= South African Research Chairs =

Research Facility

The South African Research Chairs Initiative (SARChI) establishes prestigious research chairs in South African universities with the support of funding from the National Research Foundation (NRF). The programme, launched in 2006 as a joint initiative between the NRF and the national Department of Science and Innovation (DSI), aims to attract and retain excellent researchers in South African public institutions. The research chairs are reserved for established researchers and are renewable for up to 15 years.

== History and management ==

DSI (then called the Department of Science and Technology) established the South African Research Chairs Initiative in 2006 as a means of attracting and retaining "excellence in research and innovation at South African public universities". In particular, the government was concerned to deter brain drain while attracting expatriate, foreign, and private-sector researchers.

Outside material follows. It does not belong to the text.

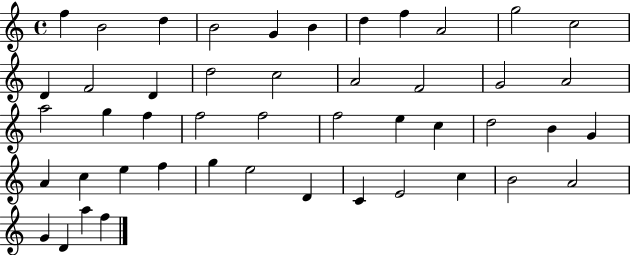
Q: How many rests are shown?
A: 0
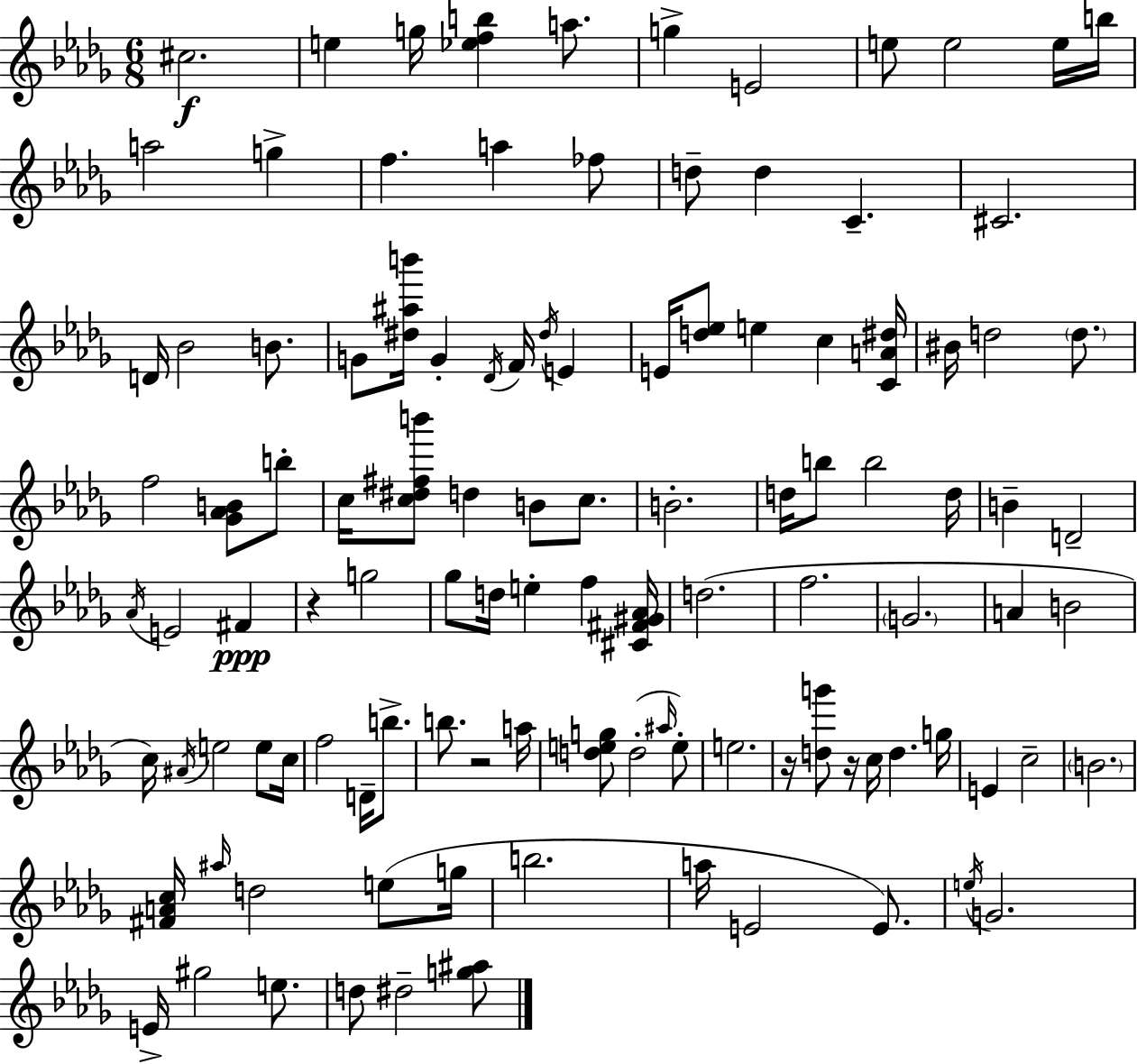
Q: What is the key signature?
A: BES minor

The initiative is implemented by the NRF, and a small number of chairs are co-funded with donations from interested businesses. Research chairs funded under the initiative are hosted by a South African university and are supported by sizeable NRF research grants, which cover salaries, postdoctoral fellowships, research equipment and operating costs, and other overhead for the research programme established under the chair. Each chair is established at one of two tiers according to the candidate's track record in research and student supervision: Tier I chairs are reserved for internationally recognised researchers, who are eligible to spend up to 50 per cent of their time outside South Africa, while Tier II chairs are full-time. Chairs can be renewed every five years for up to 15 years.

Supporters of the initiative argue that it ameliorates brain drain, boosts research output and capacity for postgraduate supervision, supports affirmative action efforts in respect of gender and race, and results in broader economic benefits by boosting research and development capacity.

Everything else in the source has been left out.